It’s easy though. And nice. I really like the car that Kylie Jenner drives, and the scandal of her engagement with Tyga? Tell me more! Oooh the cast of the only way is Essex are in Vegas, I really want to go there. I wonder how much they earn. Hmm. Flick, tap, scroll… Sigh. Ok we’re all guilty of doing this, and, we’re all guilty of convincing ourselves that we aren’t like the general public and that our infatuation is ironic not obsessive. That deep down we know that there’s a bigger picture and that leaving that knowledge deeply rooted but not letting it surface is somehow acceptable and thus justifies our intrigue in keeping up with the Kardashians.

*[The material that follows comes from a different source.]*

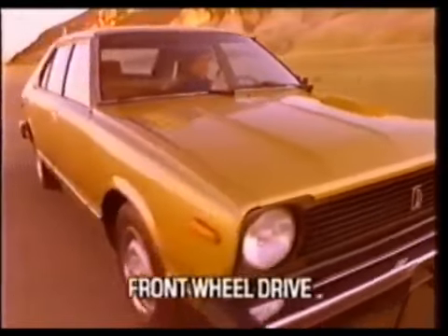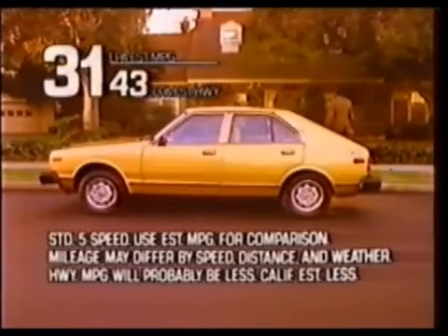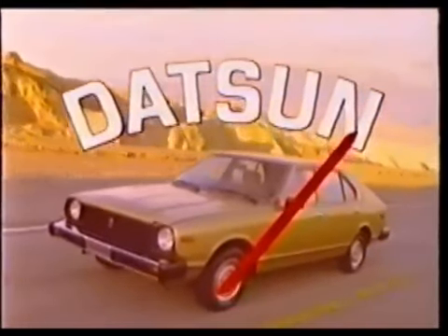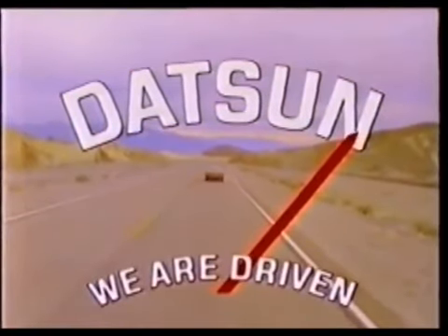The new front-wheel drive Datsun 310. Now with four doors and a hatchback and a tank full of miles that'll drive you a long, long way. Wow! It's a long way to empty in a Datsun. We are driven a long way.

The day that Kylie Jenner turned 18 was the day that Malala Yousafzia (an 18 year old Pakistani activist for female education) opened a school for Syrian refugee girls. This wasn’t covered by the media, it wasn’t streamed into our social media and so it flew right above our heads without a second glance. Even if it were to be covered and displayed to us it isn’t glitzy enough, not lavish enough to entice a generation of people who are intrigued by context not content.

Our generation is in a state of ludicrous levels of laziness. There is a mind warp pandemic and our brains are morbidly obese with the rubbish we are feeding them. The ‘man’, ‘It’ the ‘Media’ may be to blame for stacking a table full to the brim with unhealthy, fast, easy food but we are ready and waiting with our spoons to scoop up anything new added to the table. We leave the fruit of the media alone to disintegrate and rot, we are the selfish and simple end stage of the conveyer belt of rubbish that is society.

It shouldn’t be normal to partake in this system. It shouldn’t be normal to turn a blind eye to those most in need. It shouldn’t be normal to numb our hearts to the cries of the desperate. But we do. We obnoxiously avoid responsibility. The media has created a vast sphere that stretches across nations, continents, countries it scopes to the richest and to the poorest. But this has not lead to a community that is tightly bonded it has led to dispersion of responsibility to nothing more than a speck per person. Dispersion of responsibility combined with a much easier alternative than dealing with the problem is the deadly dosage we have been prescribed. We’ve got to use our specks of responsibility and make a storm with them.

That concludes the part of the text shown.